Craig Payne, DPM, says the approach to biomechanics that he took in school 20 years ago was “somewhat dogmatic” but easier to understand. He notes that much more has been revealed in recent years, including research associated with the effects of joint axes variation on foot mechanics. In addition, Dr. Payne notes emerging knowledge on the role of the first metatarsophalangeal joint (MPJ) in rearfoot function and the fact that the windlass mechanism is assuming more importance. He says one cannot dismiss the current conflicting data. Most importantly, Dr. Payne says the profession has learned more about appropriate research methodology with foot orthoses and the understanding of foot mechanics is increasingly being subject to that kind of scrutiny.
Q: How might recent research in foot mechanics and/or foot orthoses affect how podiatrists use orthoses to alleviate foot pain?
A: Most current research shows that when one puts a foot orthoses in a shoe, patients get better, notes Dr. Payne. Yet he says clinical trials suggest the type of orthotic does not seem to matter. This does not necessarily coincide with what practitioners encounter clinically so Dr. Payne says clinicians and researchers have some questions to ask. For example, does it matter what type of foot orthoses one uses? If it does, in what population does it matter?
Dr. Williams notes that some studies are starting to show positive outcomes with foot orthoses in both rheumatologic patients and juvenile patients. While such outcomes may be a given for podiatrists, Dr. Williams says it is good to see positive outcomes research outside of the profession. The research ratifies Dr. Williams’ experience in private practice in treating patients with chronic low back pain and other musculoskeletal pain disorders, which occurred as a result of lower extremity issues.

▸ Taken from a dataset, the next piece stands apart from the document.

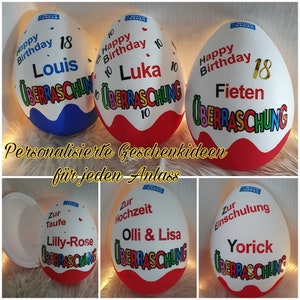 30 cm XXL Surprise Egg Personalized Ü-Ei Birthday Gift Individual Wedding 18 30 60 First Day of School Father's Day Mother's Day Birth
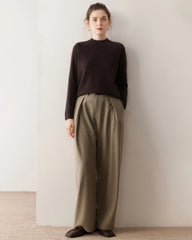 Women’s Half Mock Neck Cashmere Sweater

Dr. Nester believes clinical biomechanical research is becoming easier to conduct. He attributes this to technology being faster and easier to use, and podiatrists having a better grasp of the meaning of the data. He says biomechanical data that explains the effects of orthotic prescription or data explaining what the foot and the rest of the limb are doing in individual clinical cases will affect how the profession assesses the biomechanical effects on each patient.
Podiatrists are using prefabricated orthotics more these days, according to Dr. Payne. He says they work but not in all cases. Dr. Payne questions whether the profession can use research to determine which prefab devices do not work.